For this exercise, transcribe all the entries exactly as given and omit the images.

[[ Extracted entries, beginning ]]

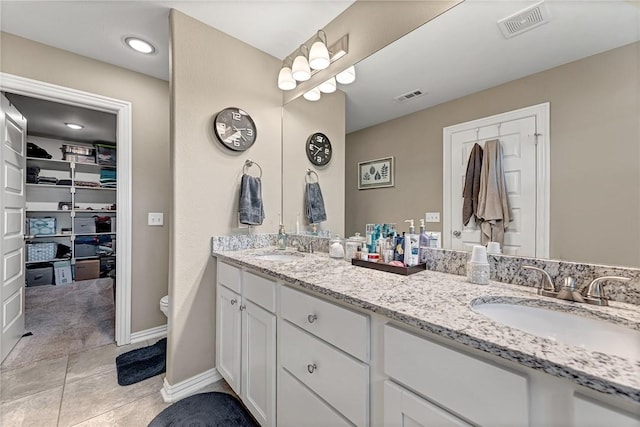 477 Caballo St, Farmington, AR 72730 - bathroom featuring double vanity, a spacious closet, and tile patterned floors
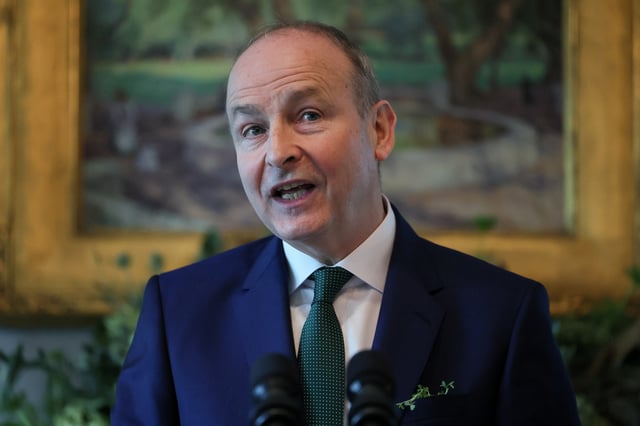 Irish Taoiseach (Prime Minister) Micheal Martin delivers remarks during his visit at U.S. Vice President JD Vance's residence for breakfast, ahead of St. Patrick's Day, in Washington, D.C., U.S., March 12, 2025. REUTERS/Leah Millis/File Photo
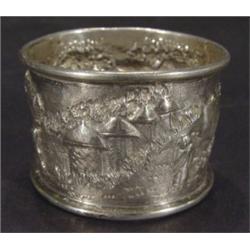 Indian silver napkin ring decorated with f…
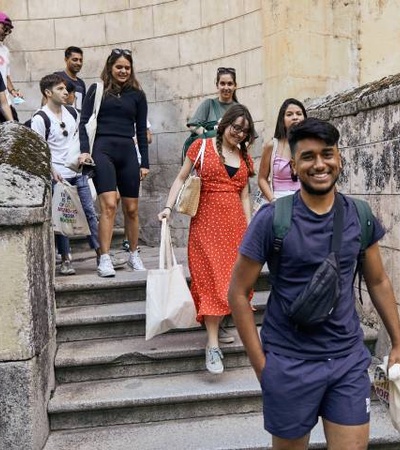 A group of people walking down a stairway in a casual setting.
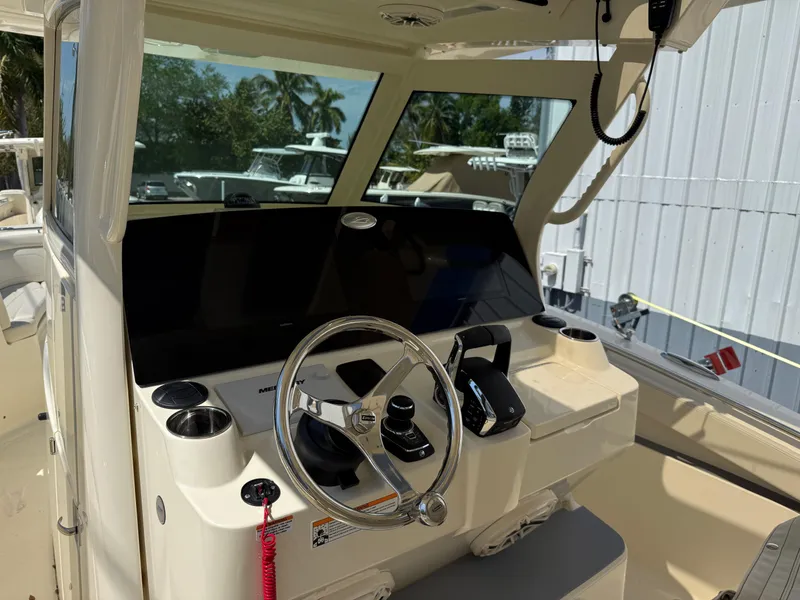 Slide: The Image of 2025 Scout 330 LXF boat cockpit with steering wheel and control panel. - 12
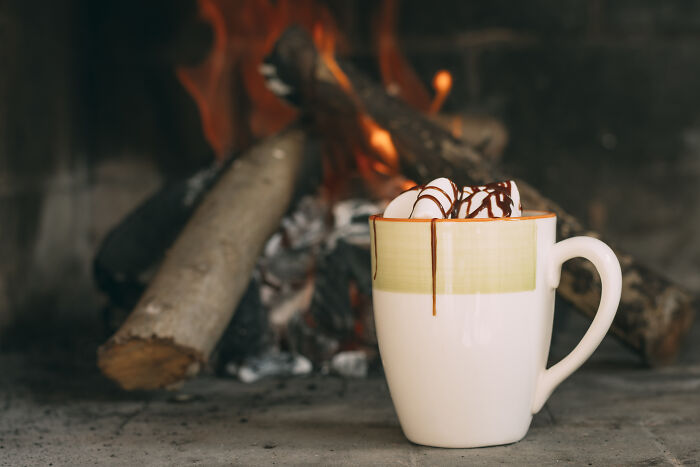Mug of hot chocolate near a cozy fire, evoking smell-happiness-reddit vibes.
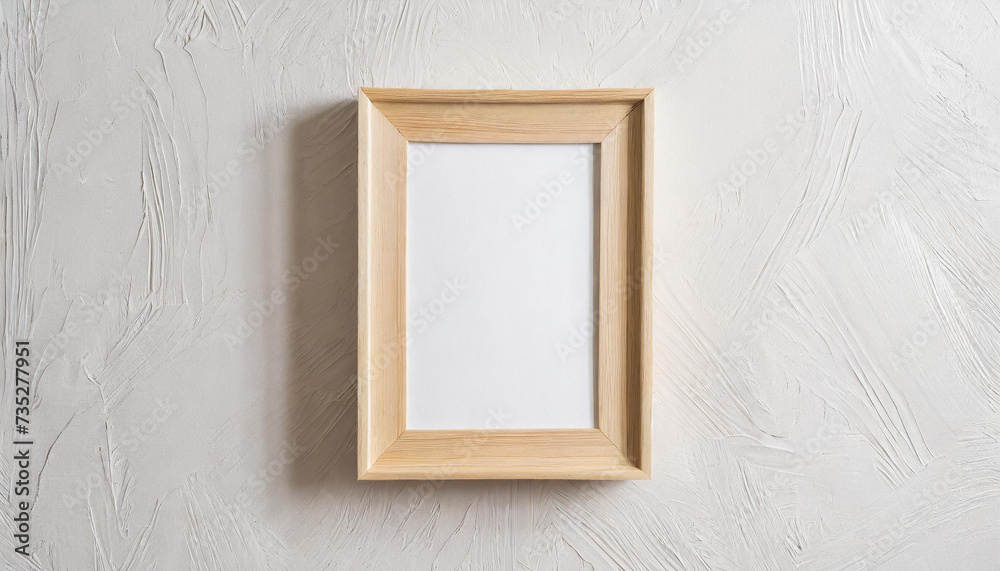 One light wood thin rectangular vertical frame hanging on a white textured wall mockup, Flat lay, top view, 3D illustration One light wood thin rectangular vertical frame hanging on a white textured wall mockup, Flat lay, top view, 3D illustration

[[ Extracted entries, end ]]

### [Output below]
 477 Caballo St, Farmington, AR 72730 - bathroom featuring double vanity, a spacious closet, and tile patterned floors
 Irish Taoiseach (Prime Minister) Micheal Martin delivers remarks during his visit at U.S. Vice President JD Vance's residence for breakfast, ahead of St. Patrick's Day, in Washington, D.C., U.S., March 12, 2025. REUTERS/Leah Millis/File Photo
 Indian silver napkin ring decorated with f…
 A group of people walking down a stairway in a casual setting.
 Slide: The Image of 2025 Scout 330 LXF boat cockpit with steering wheel and control panel. - 12
Mug of hot chocolate near a cozy fire, evoking smell-happiness-reddit vibes.
 One light wood thin rectangular vertical frame hanging on a white textured wall mockup, Flat lay, top view, 3D illustration One light wood thin rectangular vertical frame hanging on a white textured wall mockup, Flat lay, top view, 3D illustration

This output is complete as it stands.